Let’s Keep Getting Into “Good Trouble”
Last Thursday, I stood in front of the Supreme Court with our coalition partners to rally for the ERA and demand the Senate remove the artificial time limit on ERA ratification. I reminded the audience that our Constitution has a mistake that has long demanded a correction. We can’t say we have a real democracy or true equality until we enshrine the Equal Rights Amendment into the Constitution.
Then on Saturday, I spoke from the steps of the Lincoln Memorial at the Make Good Trouble Rally hosted by more than 70 national civil rights organizations in support of the John Lewis Voting Rights Advancement Act— and for a massive, moral revolution on the 58th anniversary of Martin Luther King, Jr.’s historic March on Washington. There, I quoted the late John Lewis, who along with urging us to “make some noise and get in good trouble,” told us, “Do not get lost in a sea of despair. Be hopeful, be optimistic.”

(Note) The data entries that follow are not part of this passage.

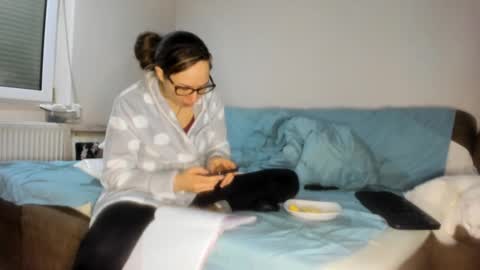 Snapshot of issabelle_69 chatting on February 25, 6:36 am Issabelle online show from February 25, 6:36 am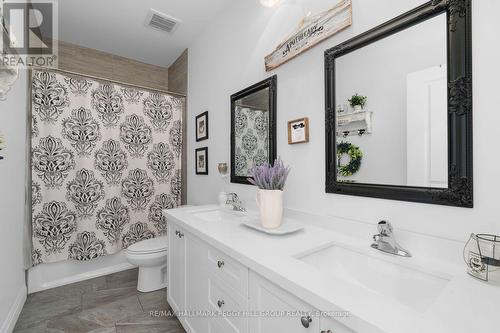 2967 Earl Street, Innisfil, ON - Indoor Photo Showing Bathroom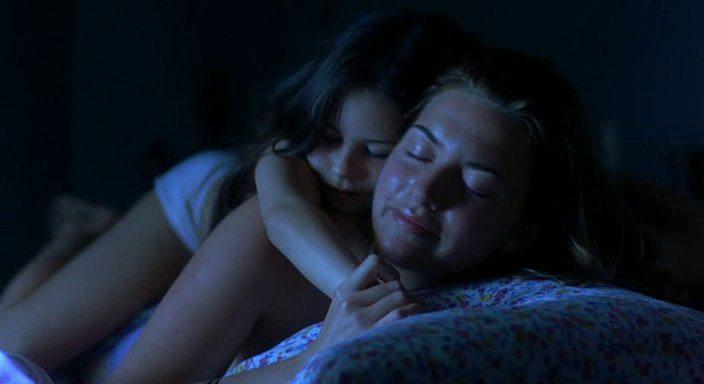 Кадр из фильма Экспресс в Марракеш / Hideous Kinky (1998)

These are words with special meaning for NOW. We are motivated by our outrage and inspired by our optimism. As I looked out over the crowds at the Supreme Court and the Lincoln Memorial, I thought back over NOW’s long history of grassroots organizing, public protest, and in-your-face activism and felt enormous pride.

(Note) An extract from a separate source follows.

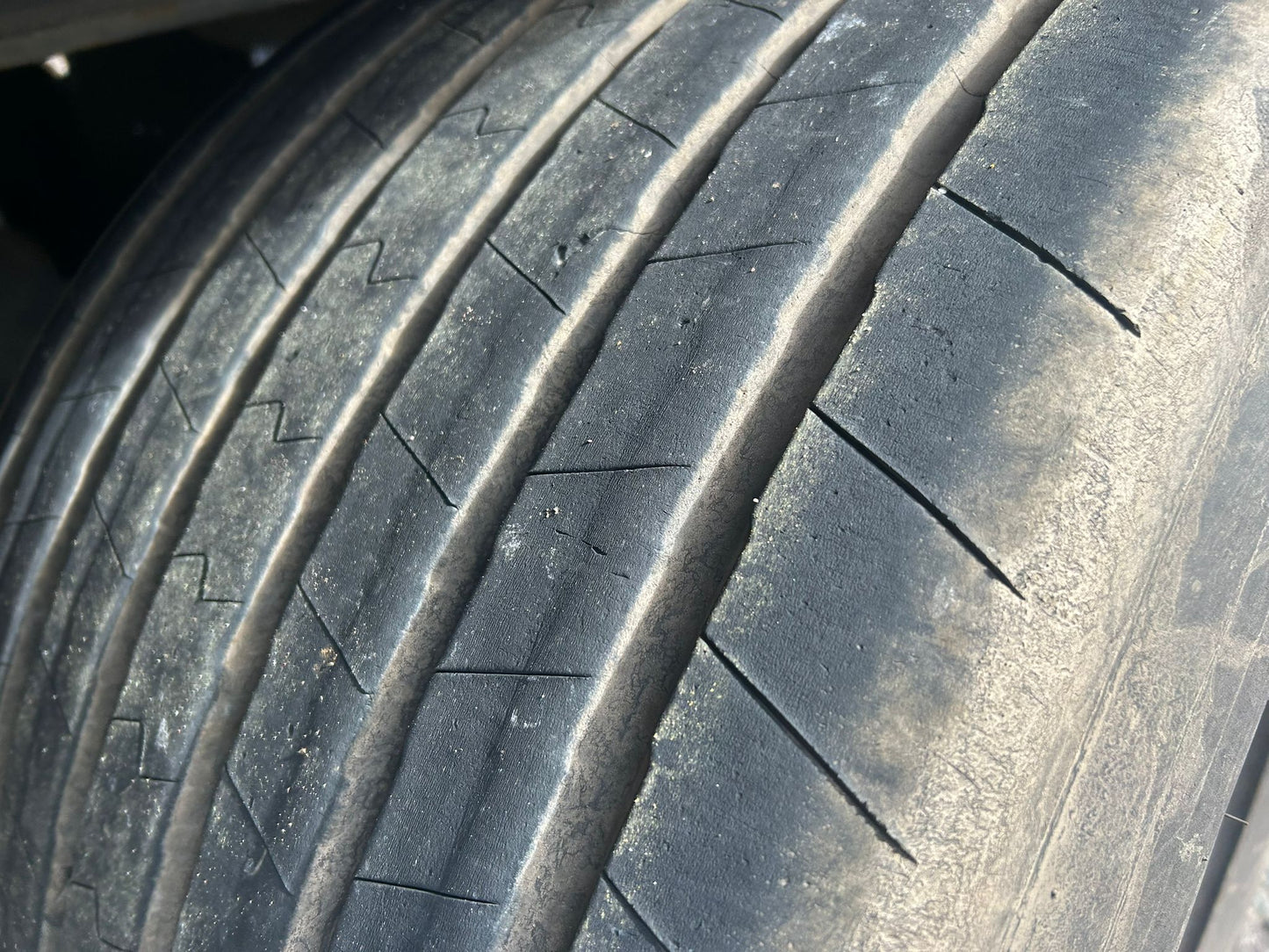 Krone Euroliner MEGA Curtainsider Trailer 2012 Saf Disc Axles Can Cut In Flat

For as long as we’ve been on the scene, feminist activists like you have known that NOW is the organization that will always do the daily work of intersectional feminism. Whether it’s supporting the ERA, which we have done since our second ever national conference in 1967, to fighting back against ongoing voter suppression efforts today, we know there can be no half measures in the way we organize and mobilize right now.
We’re facing ongoing threats on multiple fronts. When it comes to our access to reproductive health care, we’re seeing extreme measures to ban abortion – just look at what they’re doing in Texas with S.B. 8. In the past several days, we have been confronted with one natural disaster after the other, from the earthquake in Haiti to Hurricane Ida. With each manifestation of this growing climate crisis, it becomes clearer that climate justice is a feminist issue, with women and marginalized communities facing the most devastating impacts.

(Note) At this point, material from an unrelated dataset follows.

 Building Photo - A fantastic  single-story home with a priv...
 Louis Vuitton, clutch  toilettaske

Our intersectional activism has never been more crucial. We speak out and protest and march. We write letters and lobby our elected officials. We make calls and get involved in our local chapters. And we keep looking to build and expand coalitions, reach out to new audiences, make new allies and use new techniques, opportunities, and social media to achieve our goals.
This is how we tackle these crises, by using our own voices and amplifying those who frequently go unheard. Together, we’ll find the solutions to dismantle systemic racism, call out discrimination based on sexual orientation or gender identity, and eliminate once and for all the Jim Crow relics like the Senate filibuster.
Yes, the challenges we face are significant, but our optimism will never fail–so long as we stay focused, organized and united in our activism as NOW members.